With Homicide Killed, Friday Nights Are Free

Like many of you, we were saddened and more than a little irked when NBC cancelled the Maryland-based program Homicide.

We took solace on Friday nights when, coming home whipped by a week of the world, we could tune into what was clearly the best written, truest to life drama on television. We've had David Simon, a producer and author of the book, Homicide: Life on the Streets, in these pages.

It's disturbing but not unexpected. NBC, like other big corporations, exists to maximize return to shareholders rather than to pursue high-quality, groundbreaking entertainment. To TV executives whose vision consists of the next quarterly profit statement, that means dumbing down what you put on the air.

Or weakening it, like NBC did with Atomic Train, when it caved in to the nuclear industry and deleted mention of nuclear waste in the mini-series that aired last weekend. In the eyes of NBC, we're dumb and gullible, too.

What can we do? We could boycott NBC; perhaps declare that we won't watch a moment of their NBA playoffs coverage. We could e-mail up a storm, trying to persuade the network to change its mind. But surely we'd be wasting more time in front of another kind of screen, sending messages that the NBC bean-counters never even see.

We could re-read Simon's book and follow its map to Baltimore crime scenes, maybe see some real crime. But as grandmother used to say, let's don't and say we did.

We've got a better idea: Let's use Homicide's cancellation as a ticket to Chesapeake Country. For many of us, once upon a time Friday night was 'date night,' the preferred evening of the week to hit the town with someone special. As we grew a bit older, Friday night generally became 'party' night, a good choice because, if we overdid it, we'd have the rest of the weekend to recover.

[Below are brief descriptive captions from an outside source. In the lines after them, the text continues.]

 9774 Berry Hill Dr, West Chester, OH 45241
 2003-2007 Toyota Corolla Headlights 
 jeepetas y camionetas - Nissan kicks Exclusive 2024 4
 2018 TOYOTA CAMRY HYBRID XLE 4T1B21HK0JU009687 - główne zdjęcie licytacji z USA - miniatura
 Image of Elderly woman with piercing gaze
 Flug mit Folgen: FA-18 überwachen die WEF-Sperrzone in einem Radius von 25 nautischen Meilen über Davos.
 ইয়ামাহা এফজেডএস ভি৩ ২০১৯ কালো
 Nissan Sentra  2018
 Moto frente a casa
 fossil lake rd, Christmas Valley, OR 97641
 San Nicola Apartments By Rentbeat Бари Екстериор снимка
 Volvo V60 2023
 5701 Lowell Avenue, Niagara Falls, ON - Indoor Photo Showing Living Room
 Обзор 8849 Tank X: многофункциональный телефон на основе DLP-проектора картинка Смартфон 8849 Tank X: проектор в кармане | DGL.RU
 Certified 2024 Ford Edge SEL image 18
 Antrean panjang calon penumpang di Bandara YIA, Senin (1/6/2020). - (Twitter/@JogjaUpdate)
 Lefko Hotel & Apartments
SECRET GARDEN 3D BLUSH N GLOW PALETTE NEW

With Homicide gone, those options look better than ever. But why not add a third: Let's spend the week looking for great things to do on Friday night rather than denting the couch and falling asleep at 11:05pm.

We do too much of that ourselves, despite sitting in the catbird seat for good times in Chesapeake Country, which is where we are as we assemble Good Bay Times each week. Now many of those good times are moving out of doors, where art and nature in her sweetest disposition pair up to double our pleasures. So we're resolving to spend our Friday nights on the town rather than peering third hand at the mean streets of the city.

What's to do? Here's a short list for Friday, May 21. With Memorial Day, you'll find even more to do. (For full details and indoor Friday fun see Good Bay Times.)

Annapolis Summer Garden Theater opens its 34th season under the stars with West Side Story, America's own updating of Romeo and Juliet.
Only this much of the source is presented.